▶

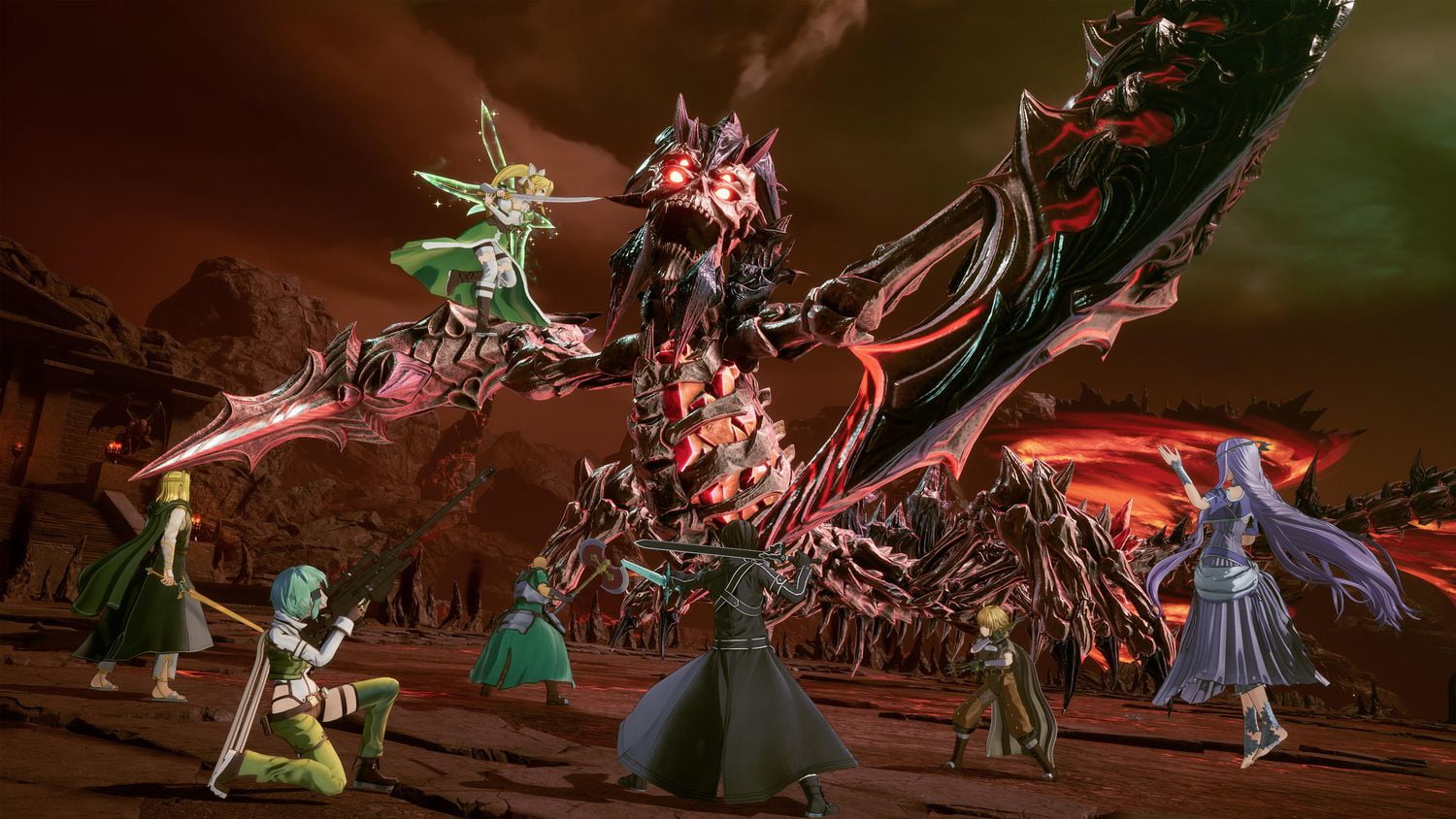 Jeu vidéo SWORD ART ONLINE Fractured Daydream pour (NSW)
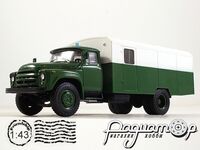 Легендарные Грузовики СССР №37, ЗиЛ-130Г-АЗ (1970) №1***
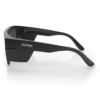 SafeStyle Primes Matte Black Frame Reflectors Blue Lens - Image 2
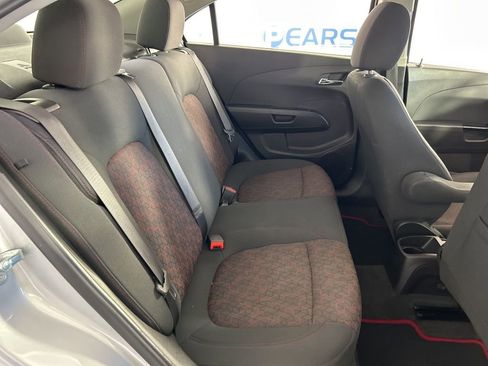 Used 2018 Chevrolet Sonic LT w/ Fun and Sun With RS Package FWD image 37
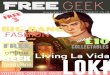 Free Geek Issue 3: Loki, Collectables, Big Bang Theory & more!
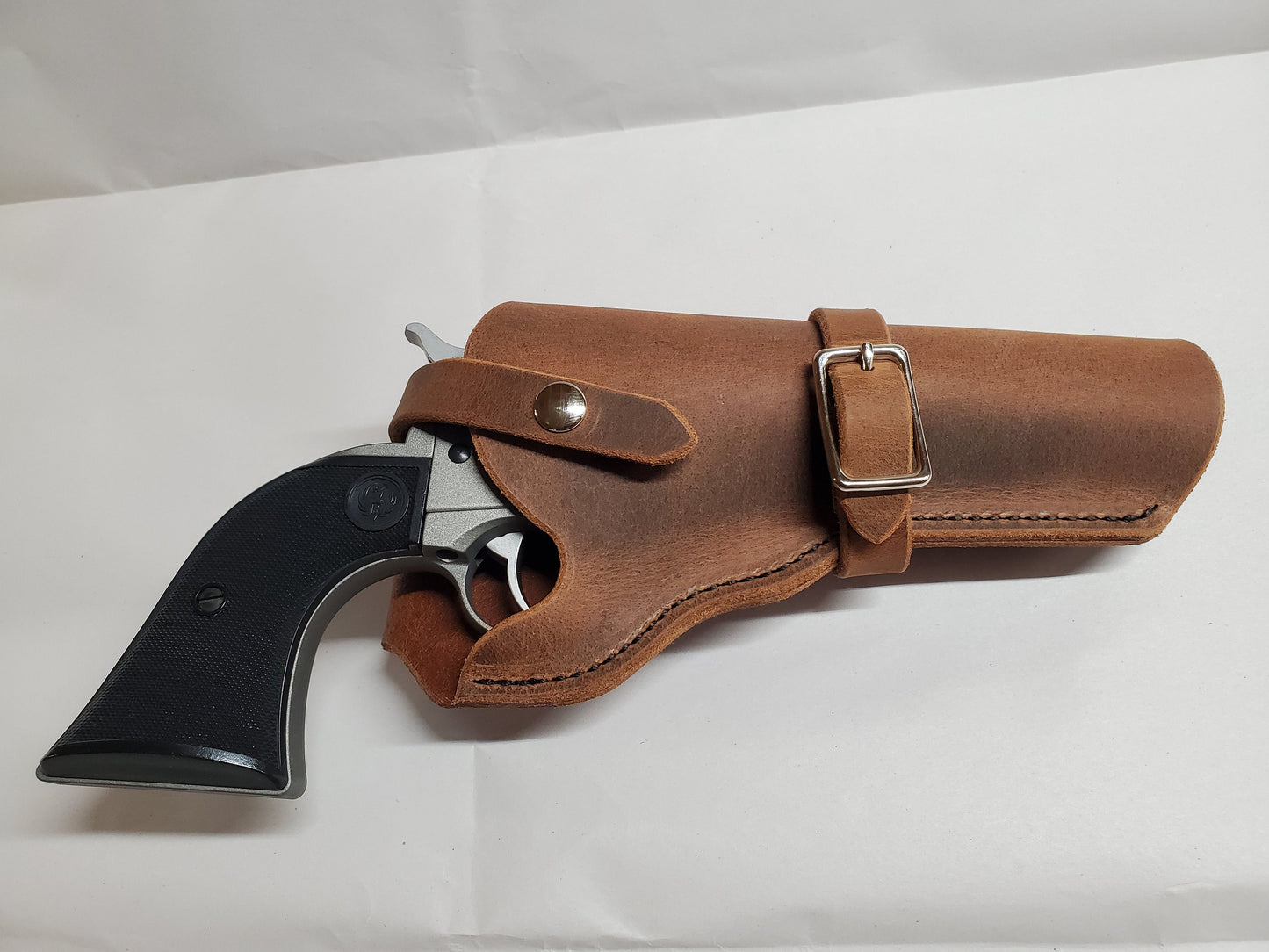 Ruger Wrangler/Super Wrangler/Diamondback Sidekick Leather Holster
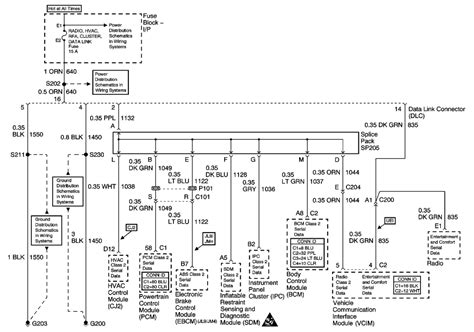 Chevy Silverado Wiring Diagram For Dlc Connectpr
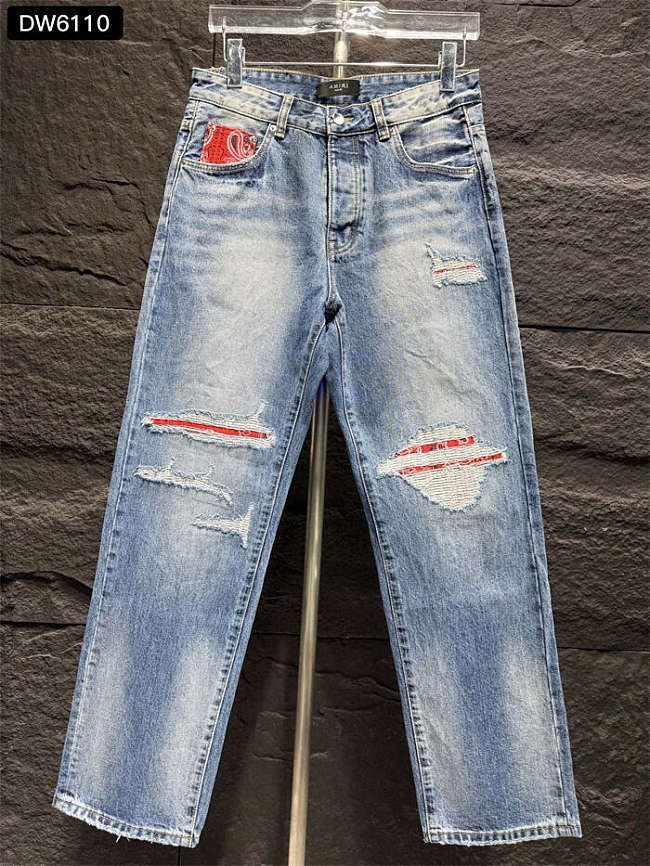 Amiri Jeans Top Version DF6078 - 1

◀
▶

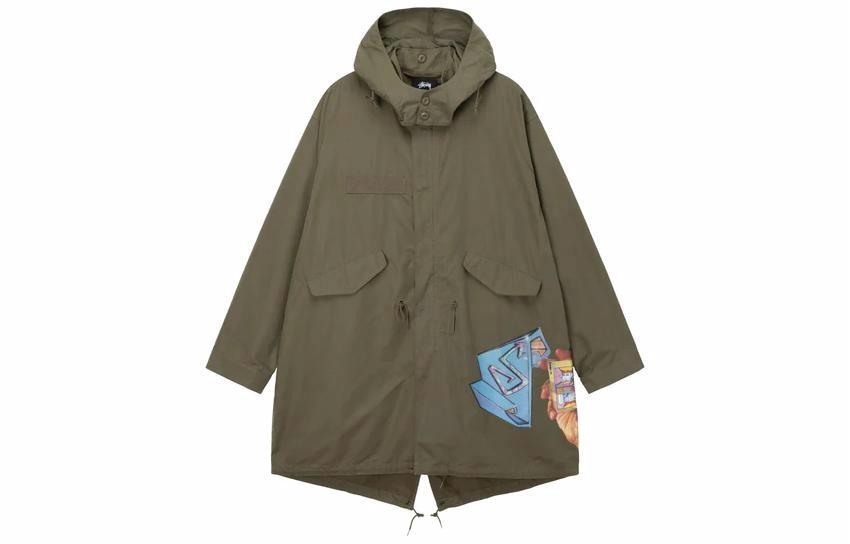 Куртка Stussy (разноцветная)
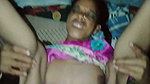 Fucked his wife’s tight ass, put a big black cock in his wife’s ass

◀

What you need to do :: Return exactly the lines above, from the one with "Ruger Wrangler/Super Wrangler/Diamondback" up to and including the one with "Amiri Jeans Top Version DF6078 - 1", and include no pictures.

Solution below ::
 Ruger Wrangler/Super Wrangler/Diamondback Sidekick Leather Holster
 Chevy Silverado Wiring Diagram For Dlc Connectpr
 Amiri Jeans Top Version DF6078 - 1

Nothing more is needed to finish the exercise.